* _Recorded information_:
· · · ·

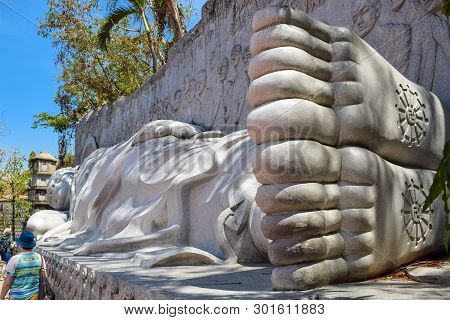 Tourists Are Beside Lying Buddha With Symbol Solstice In Pagoda In Nha Trang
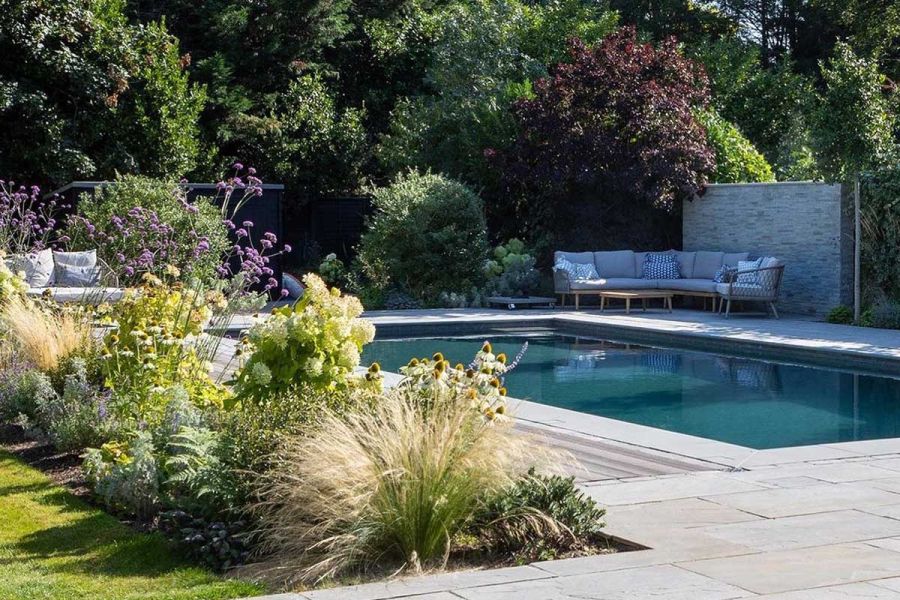 Oblong swimming pool with surround of decking and Kandla Grey Indian sandstone paving in corner of garden with mature trees behind.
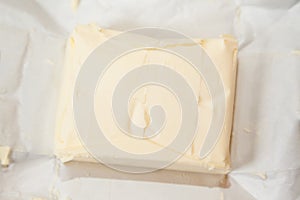 Closeup of open bricket of butter
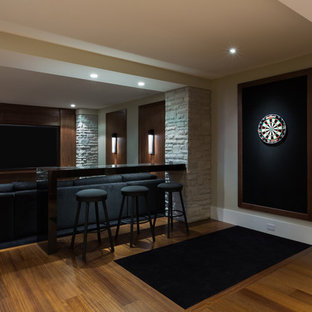 Photo of a large contemporary enclosed home cinema in Vancouver with beige walls, medium hardwood flooring and a built-in media unit.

· · · ·

* _Try it_:
Return the material word for word. Pictures are not part of the copy.

* _Exercise answer_:
 Tourists Are Beside Lying Buddha With Symbol Solstice In Pagoda In Nha Trang
 Oblong swimming pool with surround of decking and Kandla Grey Indian sandstone paving in corner of garden with mature trees behind.
 Closeup of open bricket of butter
 Photo of a large contemporary enclosed home cinema in Vancouver with beige walls, medium hardwood flooring and a built-in media unit.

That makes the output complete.